§ **What you should do**
Reproduce the entries below exactly, but only from the line containing "SONY DCR-DVD205 PAL" to the line containing "Soccer Football - International", inclusive.

§ **Extracted material**
○ ○ ○
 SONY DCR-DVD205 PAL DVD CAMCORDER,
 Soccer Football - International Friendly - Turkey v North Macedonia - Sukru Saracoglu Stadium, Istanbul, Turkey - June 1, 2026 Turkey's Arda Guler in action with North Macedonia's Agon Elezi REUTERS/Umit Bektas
○ ○ ○
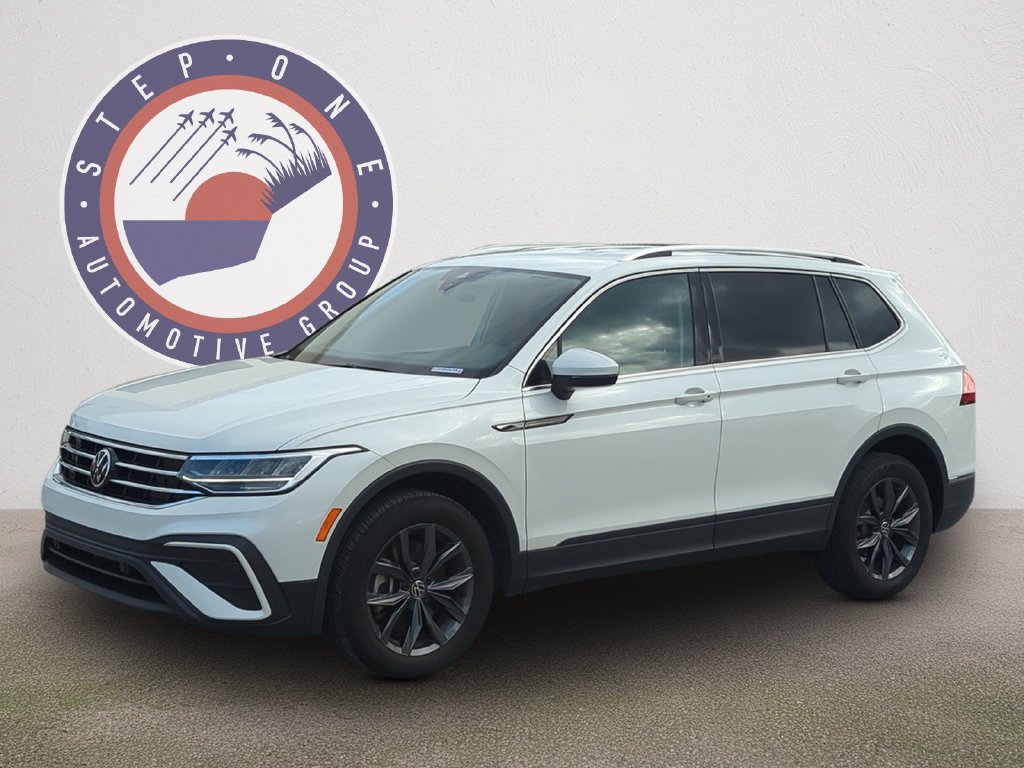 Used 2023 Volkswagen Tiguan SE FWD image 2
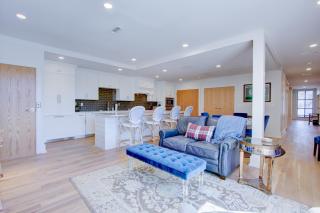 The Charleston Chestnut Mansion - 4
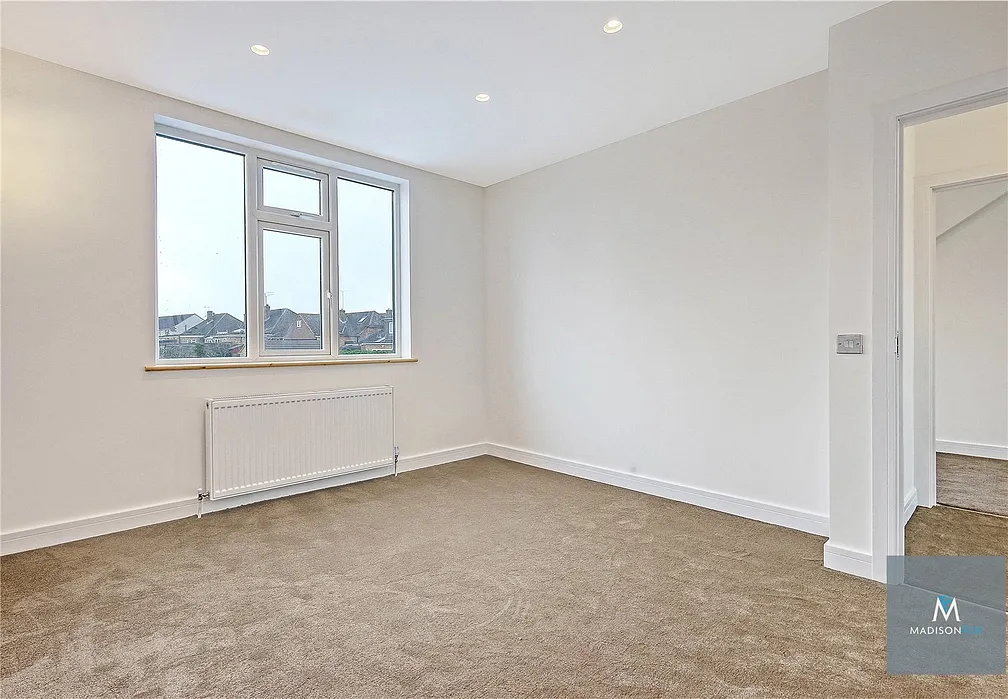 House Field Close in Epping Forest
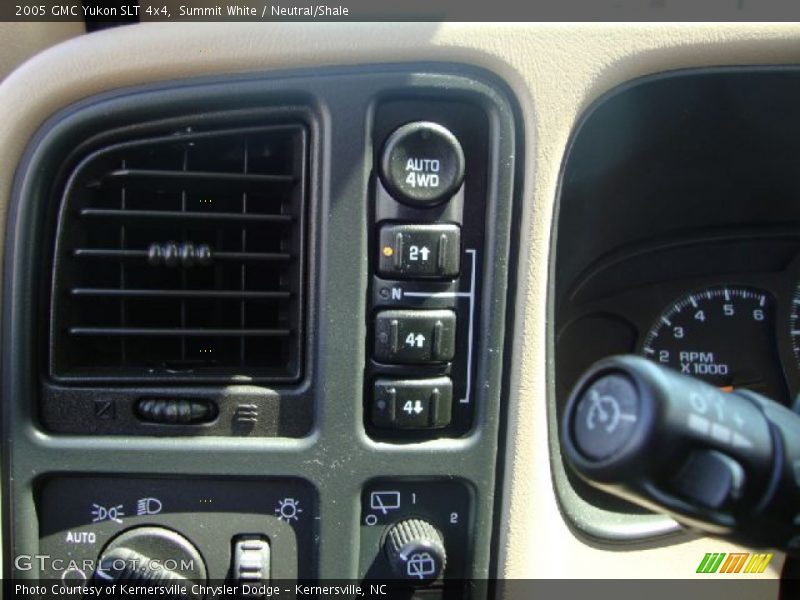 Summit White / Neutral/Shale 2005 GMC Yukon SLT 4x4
○ ○ ○
§ **Task solution**
 SONY DCR-DVD205 PAL DVD CAMCORDER,
 Soccer Football - International Friendly - Turkey v North Macedonia - Sukru Saracoglu Stadium, Istanbul, Turkey - June 1, 2026 Turkey's Arda Guler in action with North Macedonia's Agon Elezi REUTERS/Umit Bektas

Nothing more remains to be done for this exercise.